Is there an obligation to deduct tax at source on payment made abroad by a foreign company even though such payments may be income chargeable as salaries and even though the expatriates had rendered services in India?
The Supreme Court examined Section 192(1) on standalone basis. The scheme of the TDS provisions applied not only to the amounts paid having the character of income like salaries, dividends, interest, etc., but also applied to gross sums, the whole of which may not be income or profits in the hands of the recipient like payments to contractors. TDS provisions are meant for tentative deduction of tax subject to regular assessment.
The general concept as to the scope of the income-tax is that, given a sufficient territorial connection or nexus between the person sought to be charged and the country seeking to tax him, income-tax may extend to that person in respect of his foreign income.
If the payment of home salary abroad by the foreign company to the expatriate has any connection or nexus with his rendition of services in India, then such payment will constitute income which is deemed to accrue or arise to the recipient in India as salary earned in India in terms of Section 9(1)(ii).
The Act has extraterritorial operations in respect of the subject matters and the subjects which are permissible under Article 245 of the Constitution. An Explanation was inserted to Section 9(1)(ii) by Finance Act, 1999 w.e.f. April 1, 2000, to settle the controversy in interpretation. The expression earned in India is equated to services rendered in India.
The Explanation shifted the accrual test to the earning test. Income chargeable as salary shall be deemed to accrue or arise in India if it is earned in India, that is, if the services under the agreement of employment are rendered in India, the place of receipt or actual accrual of the salary being immaterial. Section 192(1) has to be read with Section 9(1)(ii).

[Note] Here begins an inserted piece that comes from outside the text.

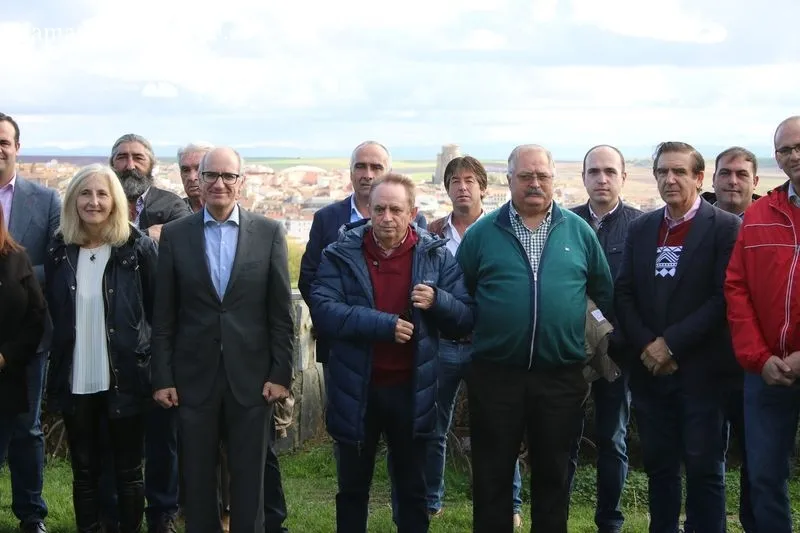 Foto 4 - Javier Iglesias destaca &ldquo;la empat&iacute;a de la Diputaci&oacute;n con los habitantes de la Salamanca rural&rdquo;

Survey operations in the case of Elli Lilly showed that no work was performed for the foreign company by the four expatriates to the joint venture company in India. The home salary and other allowances were paid to them by Elli Lilly for services rendered in India. The tax deductor was statutorily obliged to deduct tax under Section 191(1).
If any payment of income chargeable as salaries fell within Section 9(1)(ii), then the TDS provisions will be attracted. These expatriates did no work for the foreign companies. They were working in India and rendering services in India.
The Supreme Court decided the matter in favour of Revenue. It upheld the levy of interest under Section 201(1A); however it quashed penalty proceedings under Section 271(1)(c) on the ground that the issue involved was a nascent issue.